Cancer researchers often divide genetic mutations in a tumor into two classes: drivers, which are critical for cancer formation and growth; and passengers, which appear to have little impact on tumor biology. Logic goes that therapeutic strategies need to target the drivers to kill cancer cells.
But that might not be the case, researchers report in today’s issue of Nature.
The novel approach takes advantage of some basic biochemistry and chromosome biology, according to lead author Florian Muller, PhD, an instructor in the Department of Genomic Medicine at the University of Texas MD Anderson Cancer Center.
Chromosomal deletions of tumor suppressor genes are frequent drivers in cancer. Many of those deletions eliminate neighboring genes as well as the tumor suppressor itself.

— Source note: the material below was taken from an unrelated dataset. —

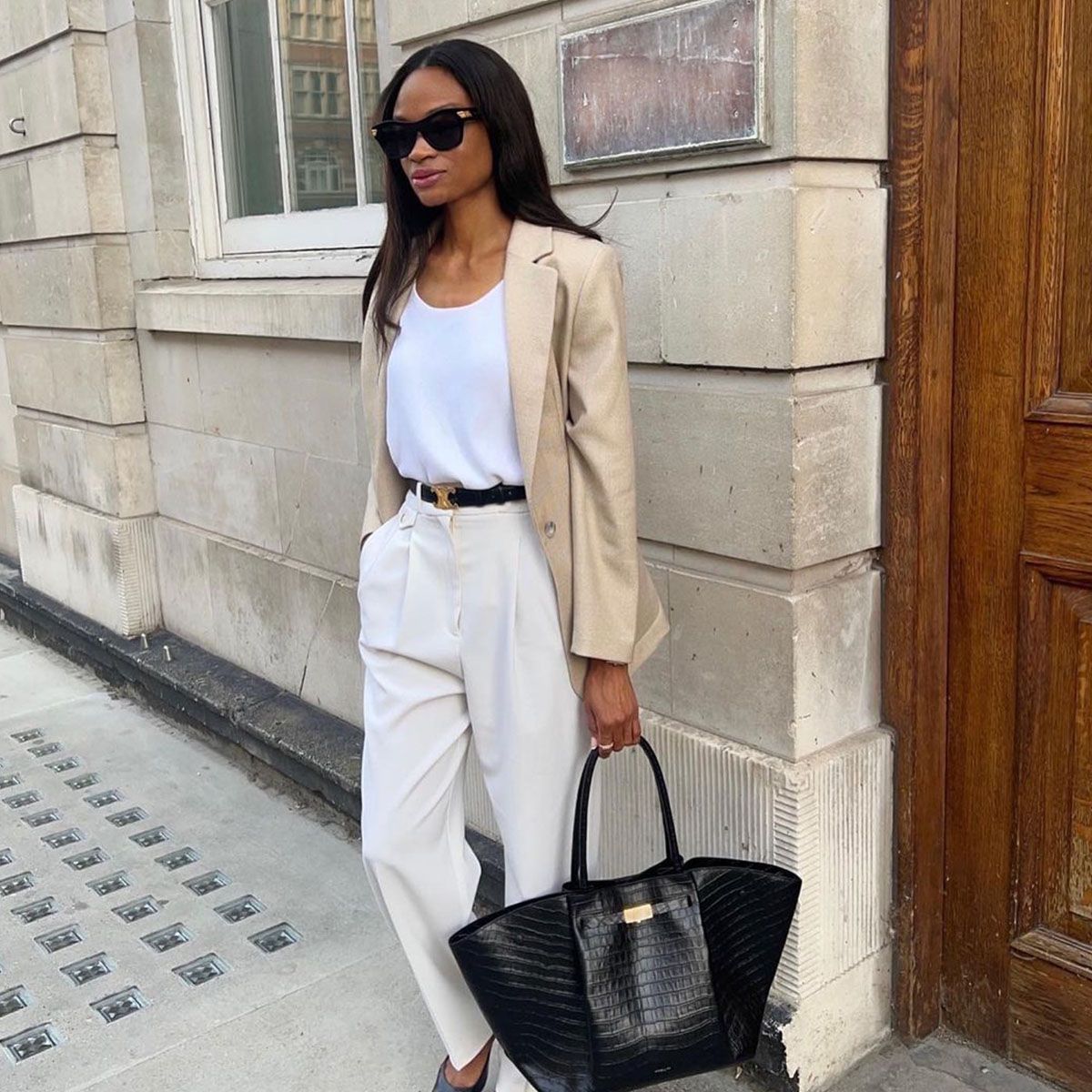 Monochromatic Ease: The Beige Blazer and Off-White Trousers Look Monochromatic Ease: The Beige Blazer and Off-White Trousers Look — Interview Outfits 2027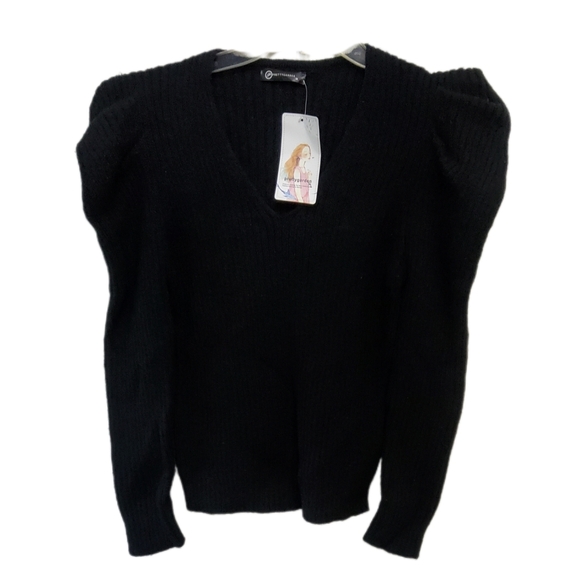 Women's Embellished Puff Sleeve Sweater - Picture 15 of 16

Dr. Muller and colleagues reasoned that the loss of those neighboring genes might make tumor cells weaker than their genetically intact healthy neighbors –– and therefore susceptible to the right type of inhibitor.
For example, homozygous deletions of the 1p36 tumour-suppressor locus are common in glioblastoma. That deletion also eliminates the enolase 1 (ENO1) gene, which is involved in glucose metabolism. About 5% of glioblastoma tumors lack both copies of ENO1 and 15-20% lack one copy, according to Dr. Muller.
If ENO1 were the only enolase working in a cell, deleting it would kill the cell. But like many housekeeping genes, ENO1 is functionally redundant, sharing responsibility with two other enolases, ENO2 and 3. Therefore, glioblastoma cells lacking ENO1 survive but are vulnerable to further loss of enolase, particularly ENO2, which is the most abundant enolase in neural tissues.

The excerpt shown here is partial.